Yesterday the Seattle City Council formally approved sending its own proposal for voting reform, ranked-choice voting, to the November ballot as an alternative to Initiative 134, approval voting. But earlier in the day, the Council received a letter from a voting-rights advocacy group, Open Primaries, laying out an argument as to why the Council should have stayed out of it altogether.
It is generally believed that approval voting tends to favor more moderate candidates than the current system or ranked-choice voting. Thus the Council’s progressive wing could be viewed as acting in their own interests by advocating for ranked-choice, potentially increasing their own chances for getting re-elected.

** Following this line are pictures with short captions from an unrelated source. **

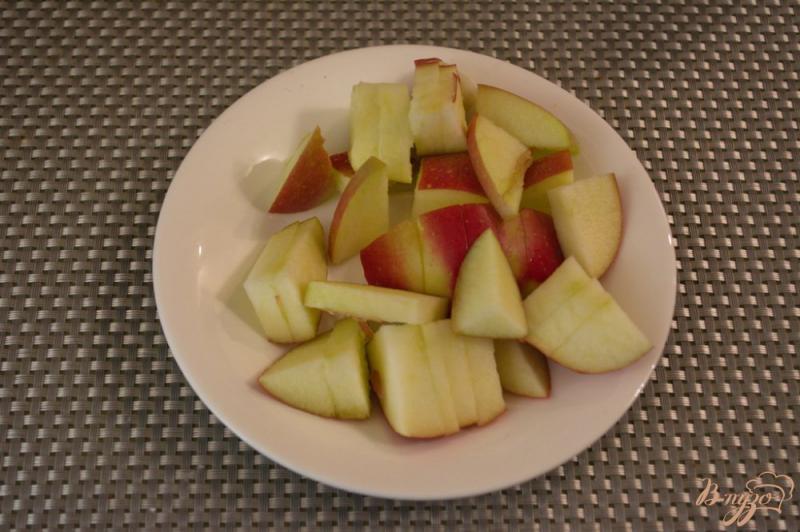 Фото приготовление рецепта: Пшенная каша томленая в духовке с яблоком шаг №1
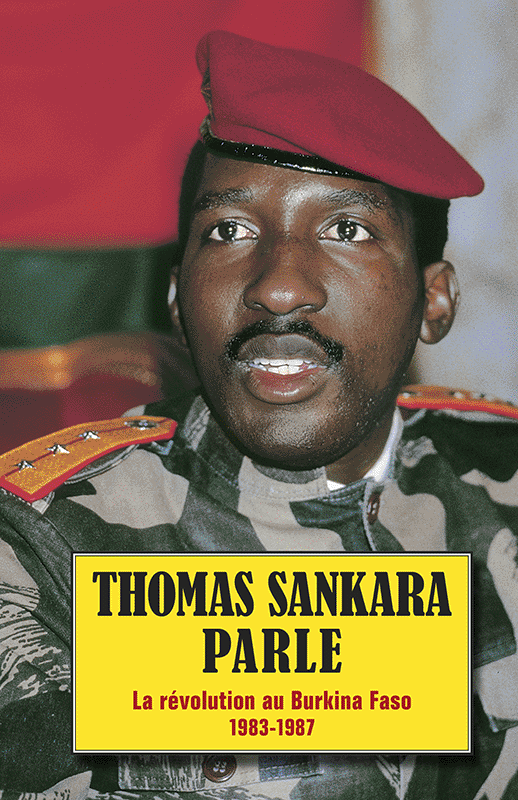 pathfinder Thomas Sankara parle: La révolution au Burkina Faso, 1983-1987 livre de Thomas Sankara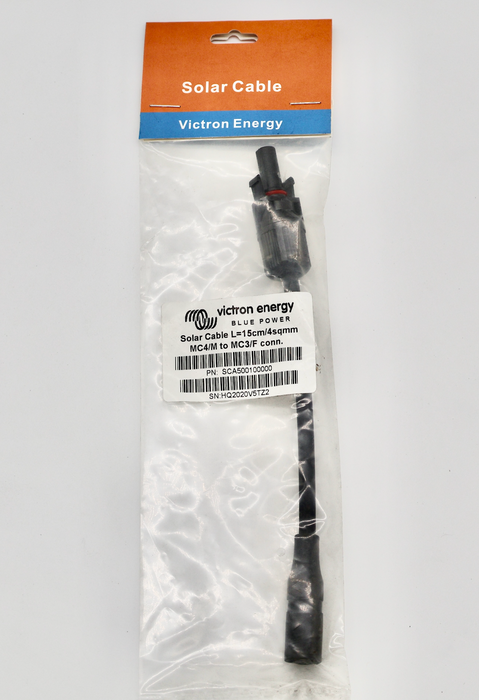 Victron Energy Solar Adaptercables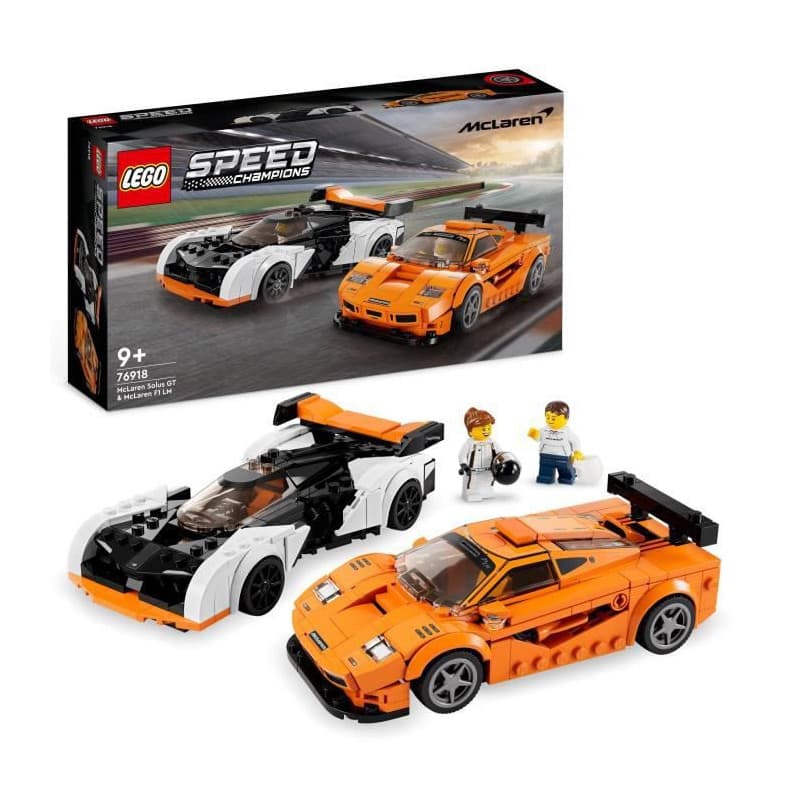 Playset Lego 76918 Speed Champions 1 Unités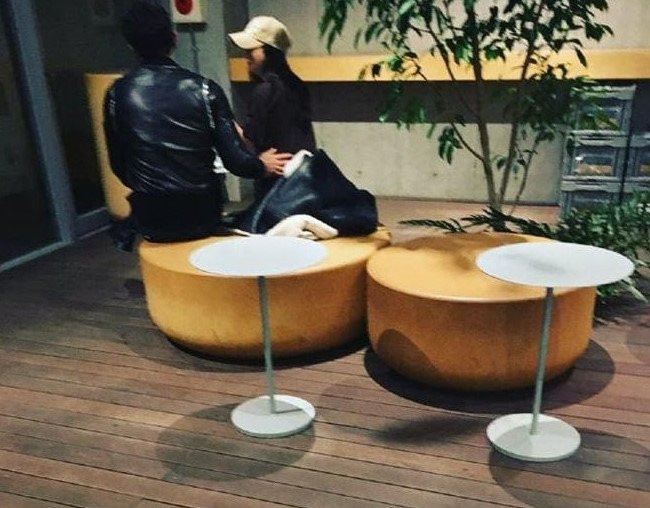 Dau nam, Kim Tae Hee va Bi Rain ngot ngao du lich Nhat Ban hinh anh 1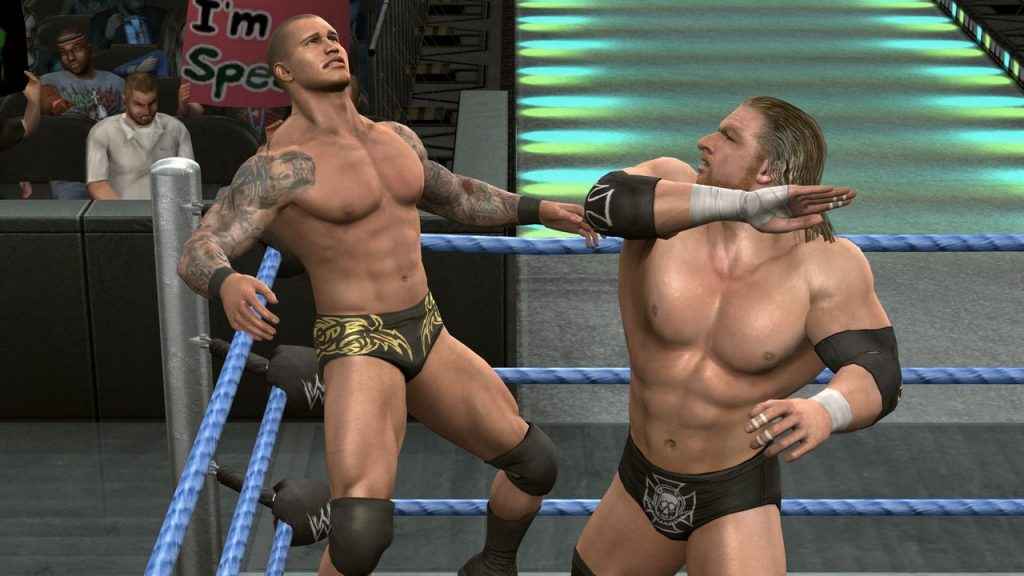 WWE Games 18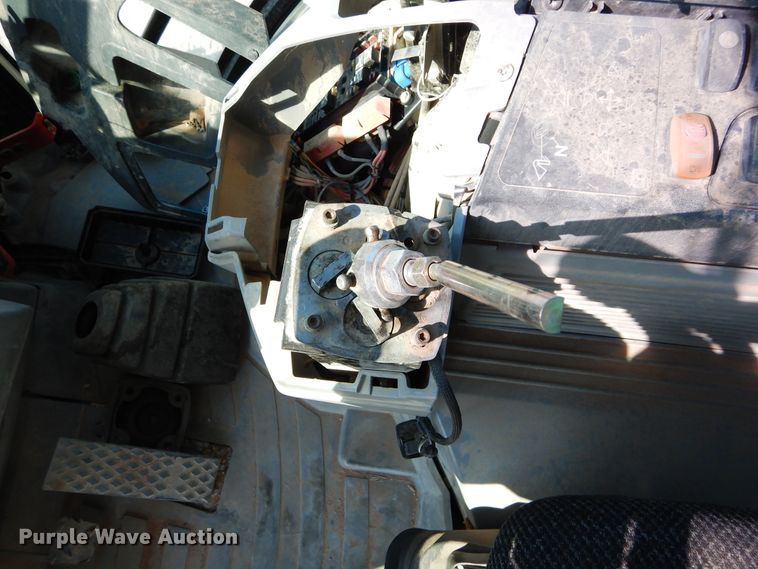 image for item DH3565 2007 Caterpillar 420E IT backhoe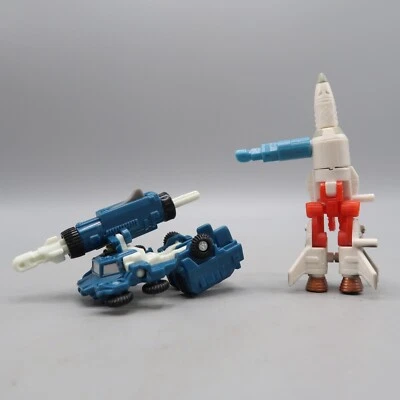 Transformers Armada Night Attack & Skyblast Mini-con Night Attack Team - Image 1 of 4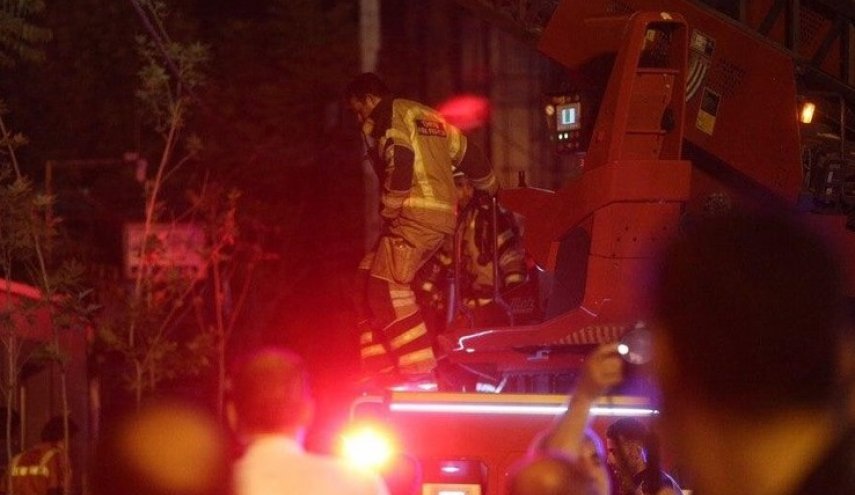 افزایش جان‌باختگان و مصدومین حادثه کلینیک سینا اطهر به ۳۳ تن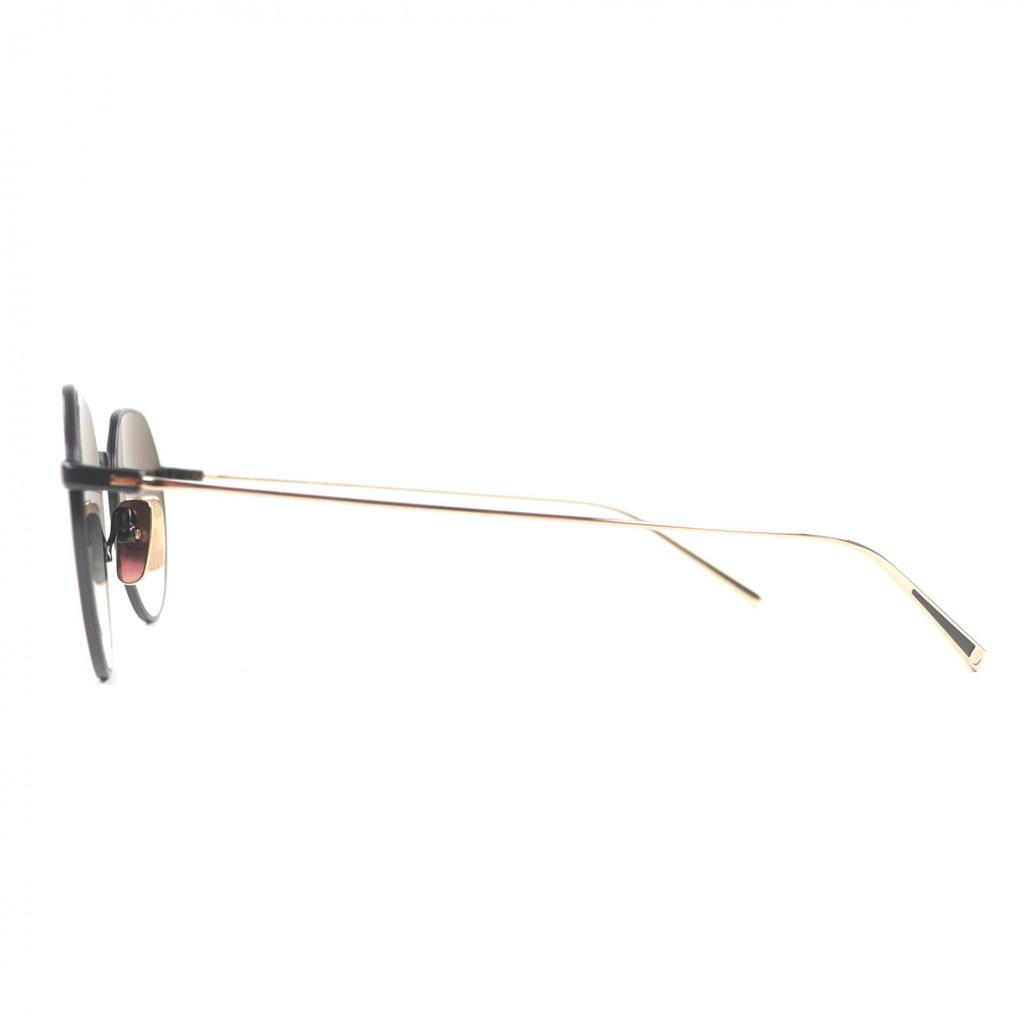 Pristine DITA sunglasses ARTOA.82 Altoa Eyewear gold mens DTS162-A-02 Used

Open Primaries argued in its letter that partisan manipulation of voting procedures is one of the most politically corrosive issues today, decreasing trust in government, increasing voter cynicism, and discouraging people from voting in some cases. They wrote:
This is not about a preference, it is about the process. Ironically, if you send two measures to the ballot in response to citizens petitioning for one, you will be doing a grave disservice to the ranked choice voting movement, which is gaining popularity at the state and local level. If people see ranked choice voting as a tool used by politicians to derail other voting reforms such as approval voting, not as a genuine reform in and of itself, that will impact negatively. Don’t pit these two alternative voting systems against each other. That kind of political manipulation is a) beneath a highly regarded and progressive City Council and b) why so many Americans are cynical about the process.
40,000 Seattle residents signed petitions. Let them vote. Don’t use cynical tactics to divide and derail.